2008 jährt sich die erste Verfassung Chinas zum hundertsten, die "Erklärung der universellen Menschenrechte" zum 60. und die Pekinger "Mauer der Demokratie" zum 30. Mal. Und vor zehn Jahren unterzeichnete die chinesische Regierung den [völkerrechtlichen UNO-Vertrag] "Internationalen Pakt über bürgerliche und politische Rechte". Die chinesischen Bürger sind nach langwierigen, mühsamen und von Rückschlägen gezeichneten Kämpfen aufgewacht und erkennen in täglich wachsender Klarheit, dass Freiheit, Gleichberechtigung und Menschenrechte gemeinsame und universelle Werte der Menschheit sind, dass Demokratie, Republik und verfassungskonforme Regierung Basis und Rahmen moderner Politik sind. Eine "Modernisierung", die sich von diesen universellen Werten und solchen Grundlagen der Politik entfernt, kann nur zu einem Katastrophenprozess werden, der den Menschen ihre Rechte raubt, ihre Vernunft korrumpiert und Würde zerstört. Wohin wird China im 21. Jahrhundert gehen? Wird es weiter die "Modernisierung" unter autoritärer Herrschaft verfolgen? Oder wird es sich mit den universellen Werten identifizieren, mit dem mainstream verschmelzen und ein demokratisches Regierungssystem aufbauen? Dieser Entscheidung können wir nicht mehr ausweichen.

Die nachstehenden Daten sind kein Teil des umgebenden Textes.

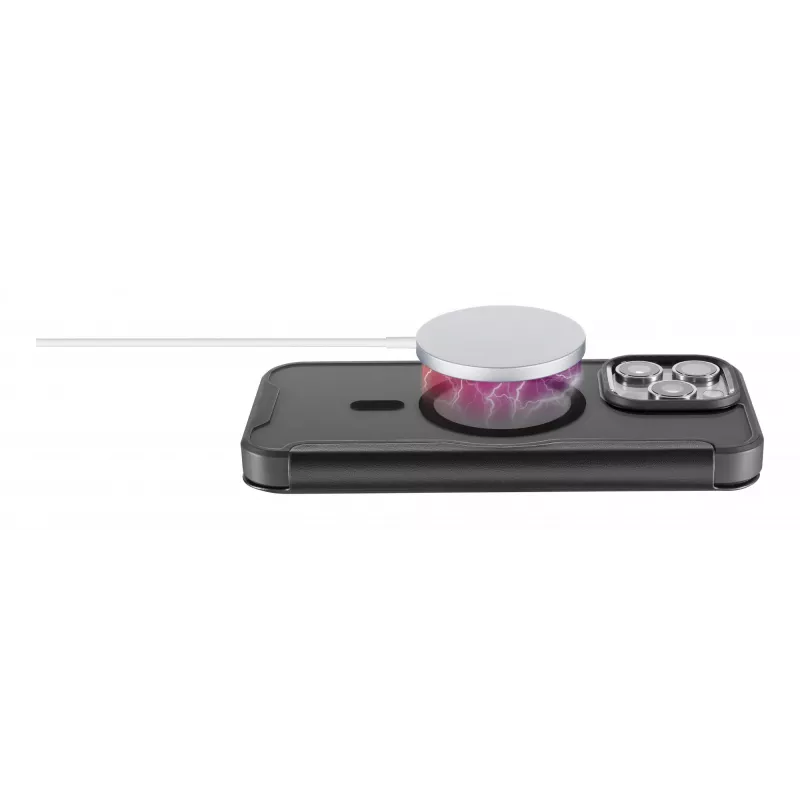 Cellularline Daily Mag - iPhone 16 Pro Max Buchhülle mit halbtransparenter Hartrückseite, kompatibel mit dem MagSafe®-Ökosystem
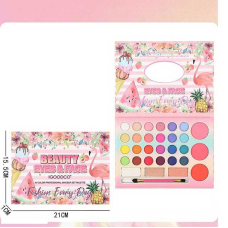 Косметика IG 3086 (144/12) палетка, 30 кольорів, пензлик, дзеркальце, у плівці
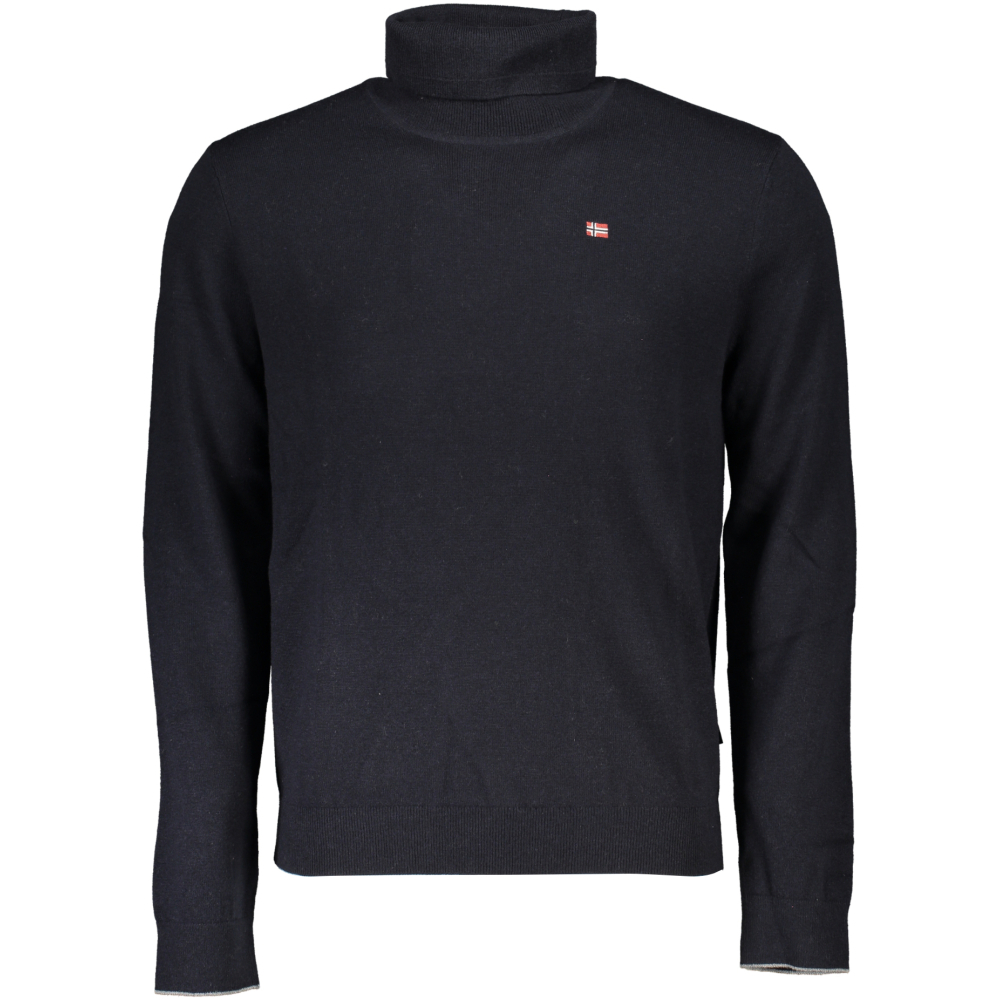 NAPAPIJRI MEN'S BLACK SWEATER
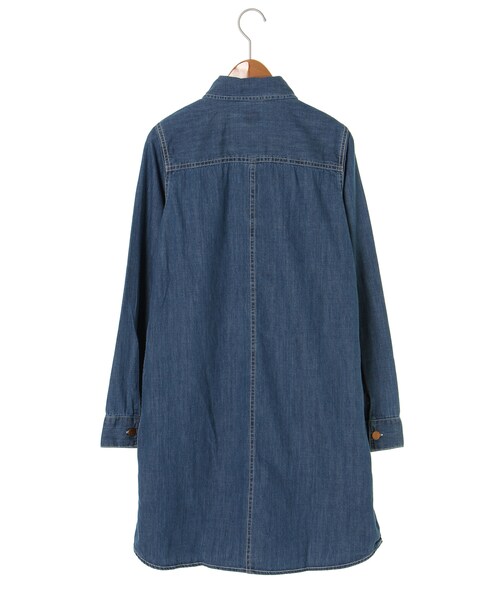 SEVENDAYS=SUNDAY(セブンデイズサンデイ)の「Lee WORK ワンピース(ワンピース/ドレス・インディゴ/ライトインディゴ・S/M)」の4枚目の写真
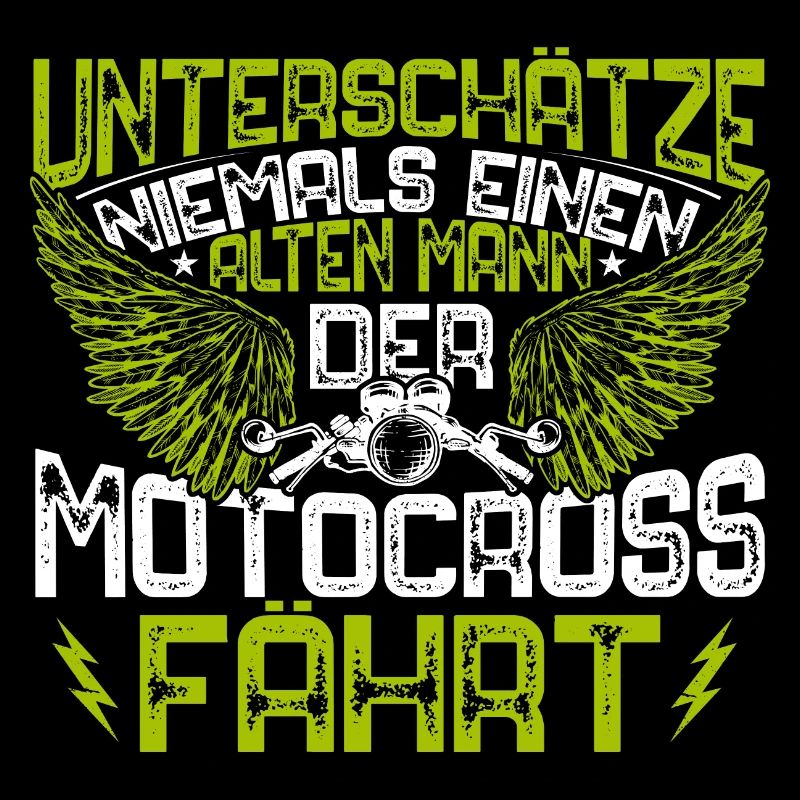 Unterschätze niemals einen alten Mann der Motoc...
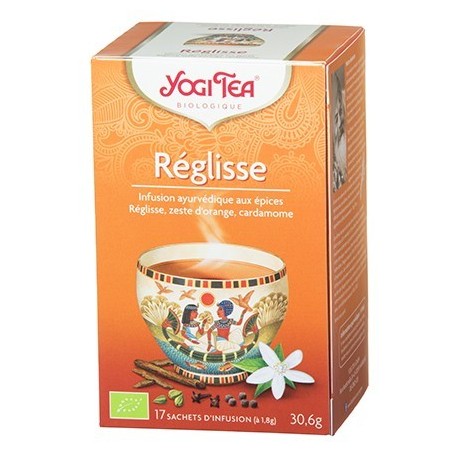 YOGI TEA REGLISSE 17 SACHETS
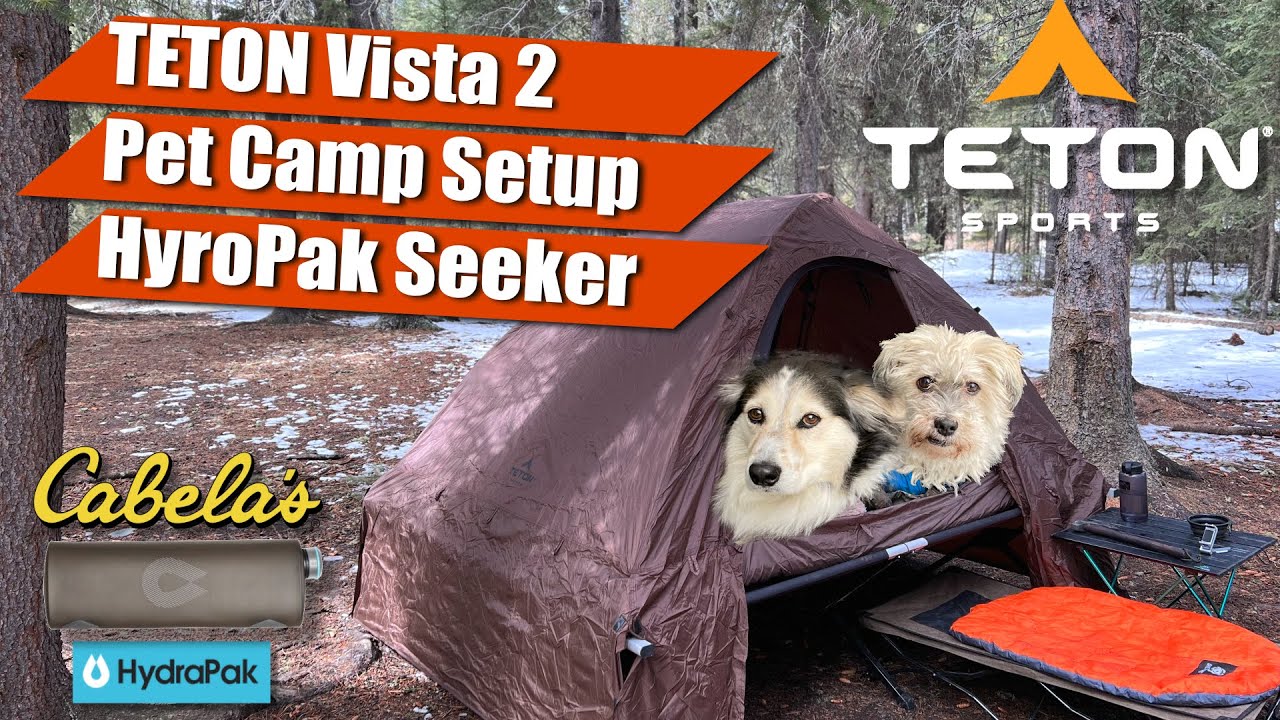 Палатка TETON Vista 2 Cot | Кемпинг для домашних животных в снегу | Лучший вариант для кемпинга н...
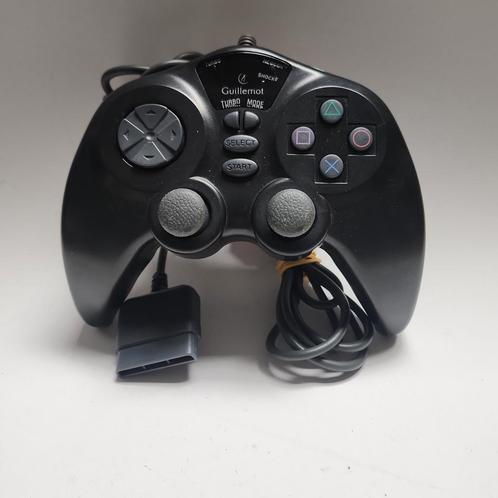 Guillemot Zwarte Shock 2 Controller Playstation 2, Spelcomputers en Games, Games | Sony PlayStation 2, Ophalen of Verzenden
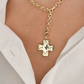 Hammered Cross Charm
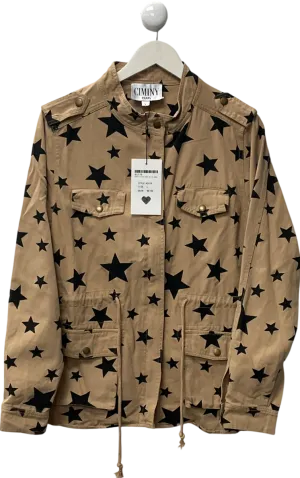 Ciminy Paris Beige Star Printed Jacket UK L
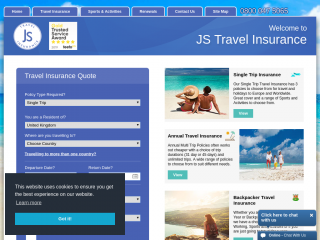 jsinsurance.co.uk screenshot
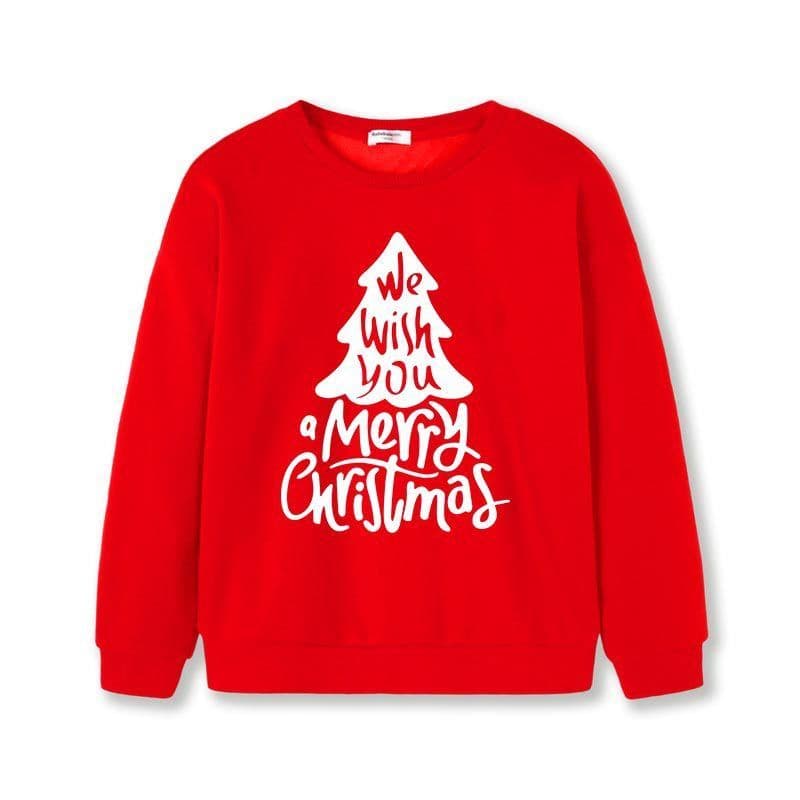 image-New Kids' Sweater Jacket Long-sleeved Round Collar Overpull Christmas Holiday Cartoon Christmas Tree Children's Clothing Autumn And Winter Clothing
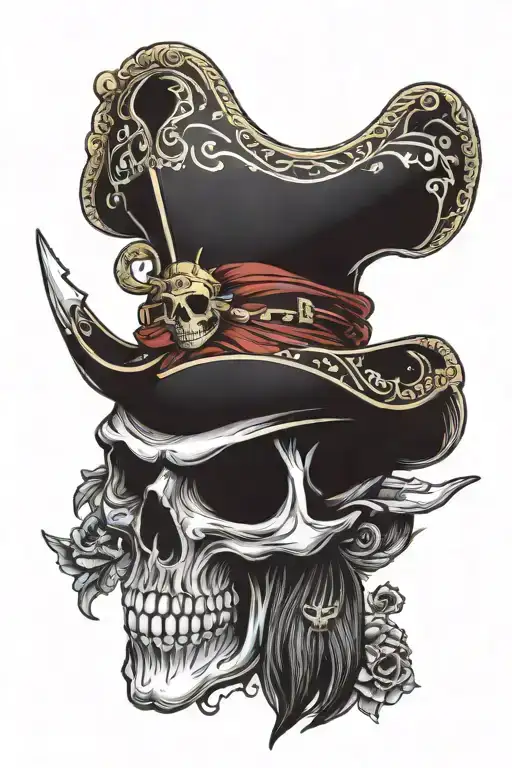 Las Vegas And Pirate Skull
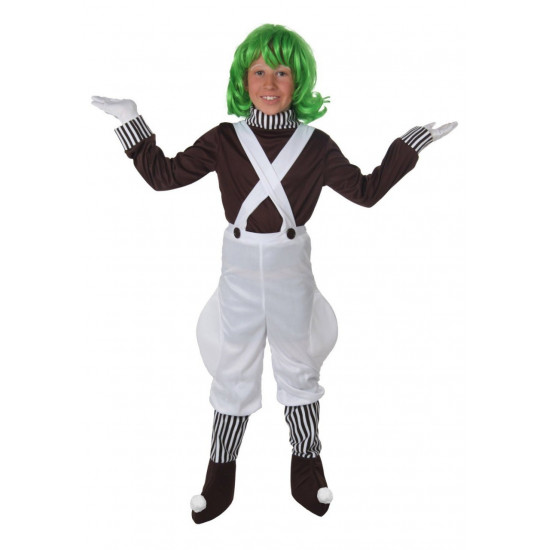 Fantasia Anões Oompa Loopas Fabrica de Chocolate Infantil Fantasia Anões Oompa Loopas Fabrica de Chocolate Infantil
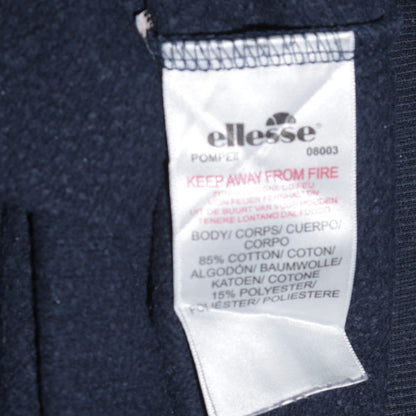 Womens UK Size 10 ellesse Blue Pullover Sweatshirt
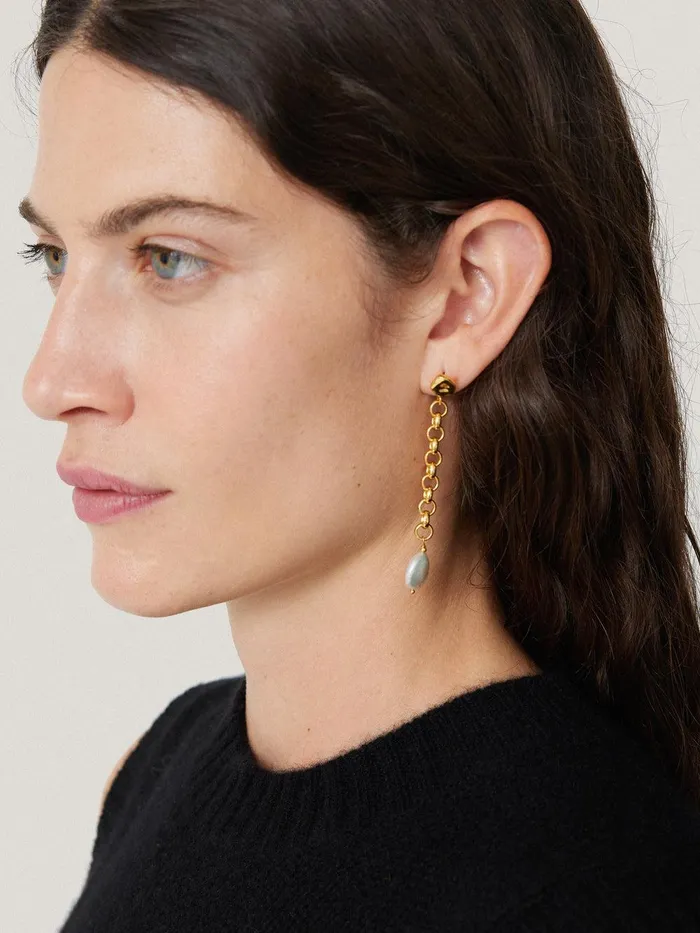 Women Keshi Pearl Drop Earring Pearl Jigsaw Jewellery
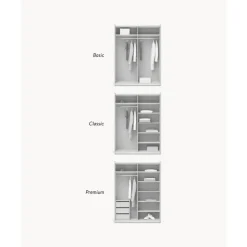 Clearance Armario Modular Leon, 2 Puertas Correderas (150 Cm), Diferentes Variantes Armarios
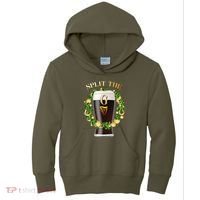 St Patricks Day Split the G Beer Lover Kids Hoodie thumb 0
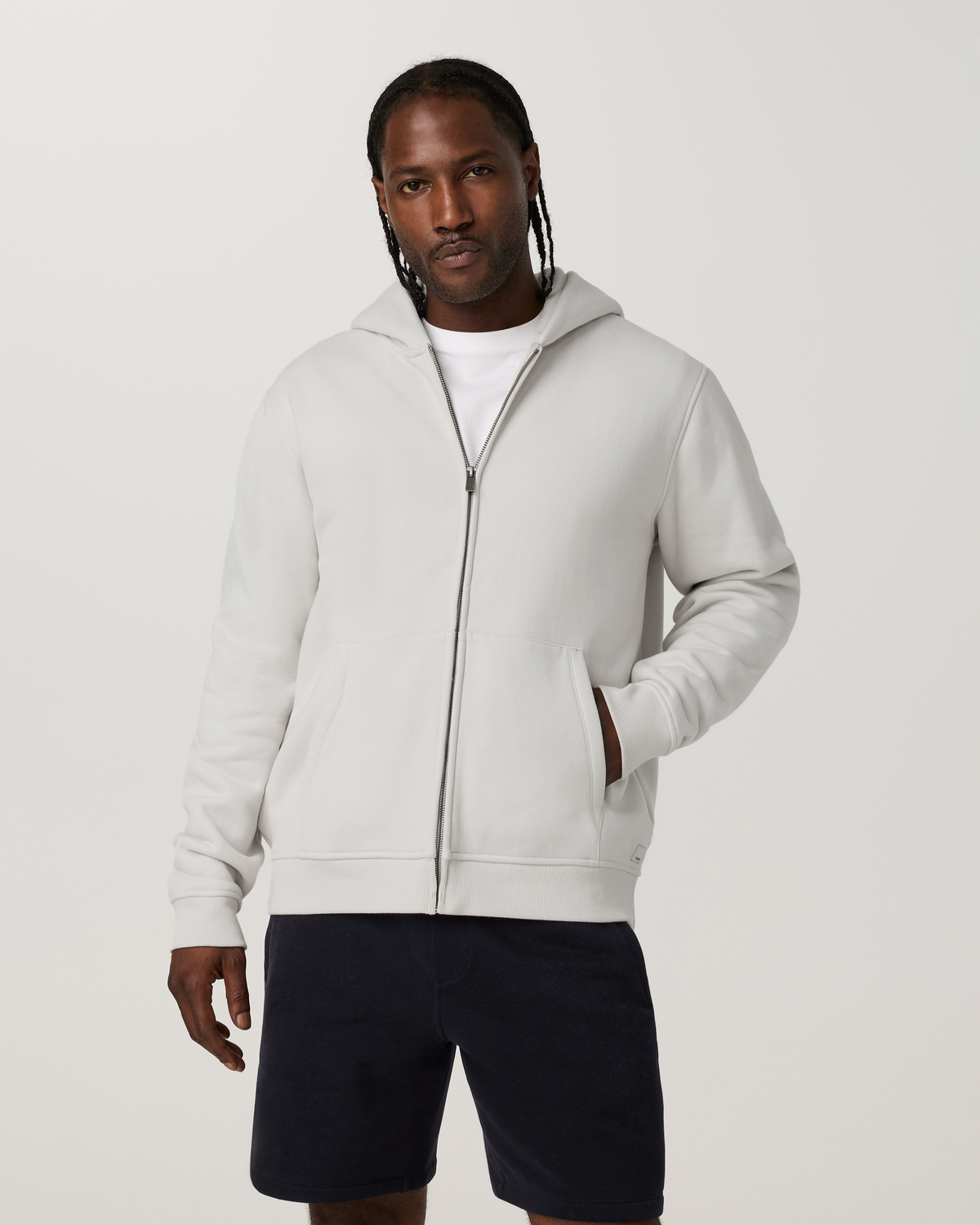 Seaside Full Zip Hoodie | Salt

Die historischen Umwälzungen in der Mitte des 19. Jahrhunderts [gemeint ist der Einbruch europäischer Kultur - materieller und geistiger - in die bis dahin hermetisch verschlossene chinesische Welt] legten die Verrottetheit der historischen chinesischen Autokratie bloß und waren der Prolog für Veränderungen, wie es sie in der chinesischen Welt bis dahin niemals gegeben hatte. Die "Bewegung zum Lernen vom Ausland" [der erste Modernisierungsversuch, getragen von einigen Provinzgouverneuren, die durch Importe europäischer Technik und deren Kopieren "China" zu modernisieren suchten, gemeinhin die 1860er bis 90er Jahre] suchte den Fortschritt allein in der materiellen Sphäre. Doch die Niederlage im Krieg gegen Japan [1894/95, der wahre Schock für das überkommene Regime] enthüllte erneut die Überlebtheit des chinesischen Systems. Die "Hundert Tage der Reformen" [1898, nach der verheerenden Niederlage gegen den "Tributstaat" Japan, Versuch des jungen Kaisers, mit Hilfe einiger Reformer das versteinerte Mandarin-System zu reformieren, durch einen Palast-Putsch vereitelt] rührten dann erstmals an seinen Kern, doch den konservativen Ultras gelang eine grausame Unterdrückung und die Reformen scheiterten.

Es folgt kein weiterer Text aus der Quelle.